Assignment: Starting at the line below that contains "White Girl - Black" and ending at the line that contains "Tourists Viewing Wildlife", retype each line exactly as it stands, but omit the pictures.

Input material:
——————————

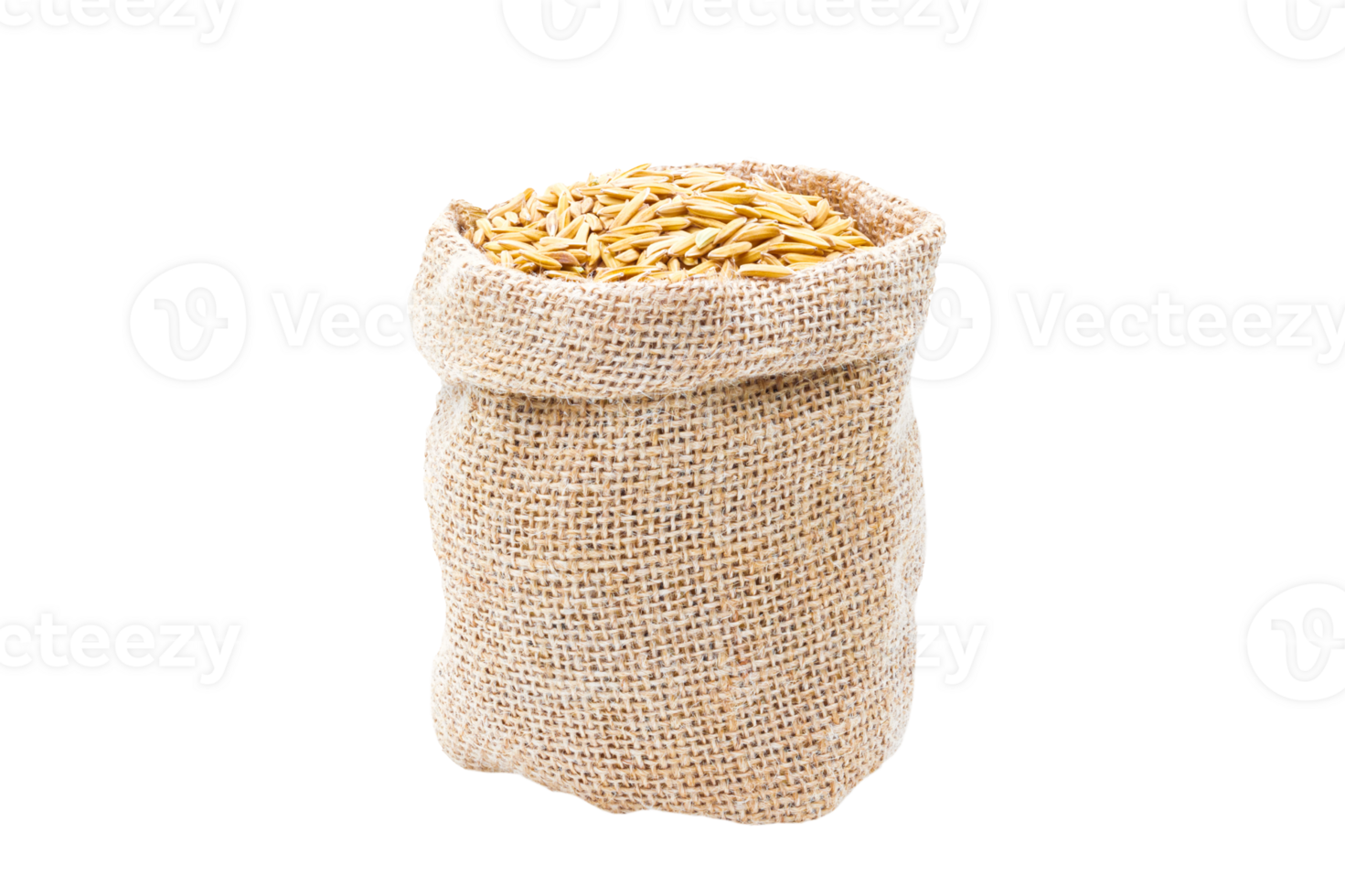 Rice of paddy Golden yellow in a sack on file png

——————————

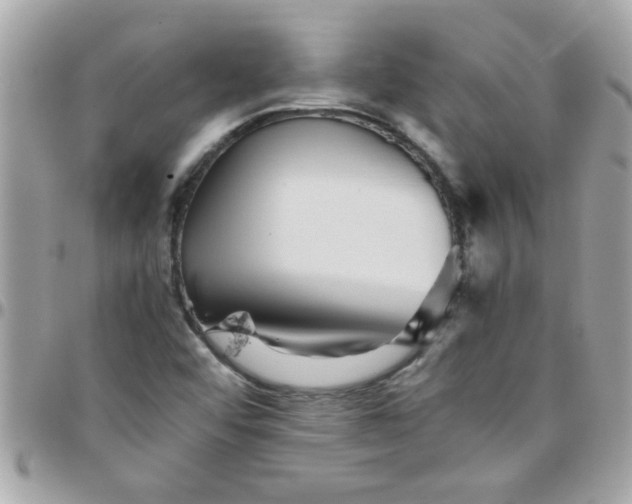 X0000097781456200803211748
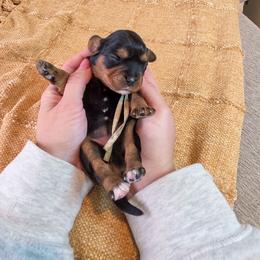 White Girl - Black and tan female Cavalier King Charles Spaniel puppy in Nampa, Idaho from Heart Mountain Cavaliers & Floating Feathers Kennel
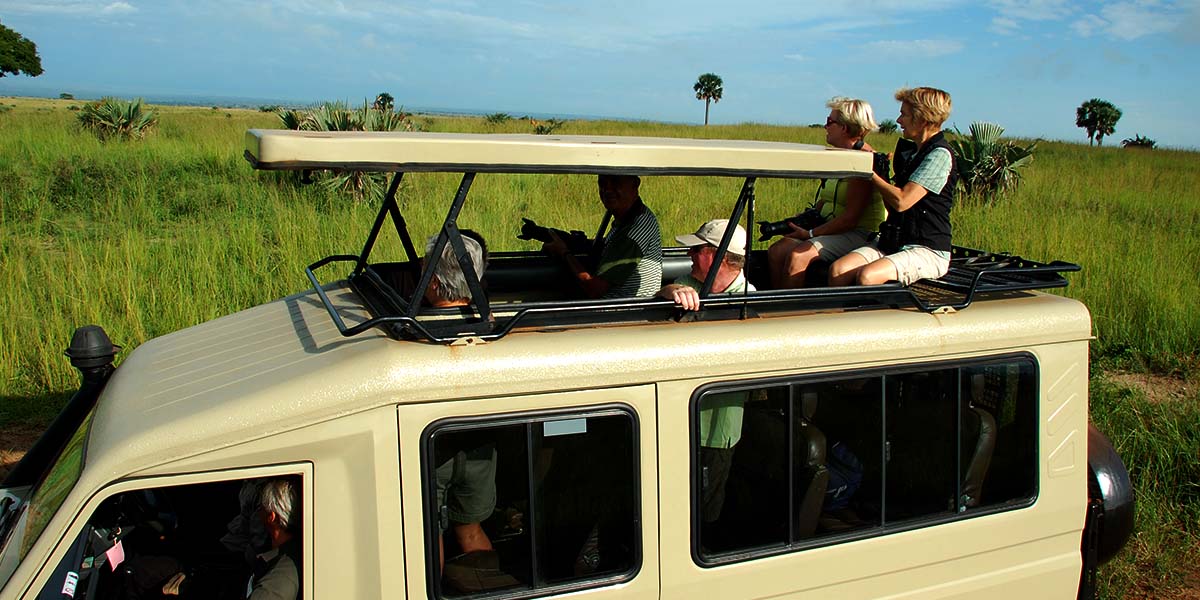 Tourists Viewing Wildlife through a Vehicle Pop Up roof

——————————

Solution to this task:
 White Girl - Black and tan female Cavalier King Charles Spaniel puppy in Nampa, Idaho from Heart Mountain Cavaliers & Floating Feathers Kennel
 Tourists Viewing Wildlife through a Vehicle Pop Up roof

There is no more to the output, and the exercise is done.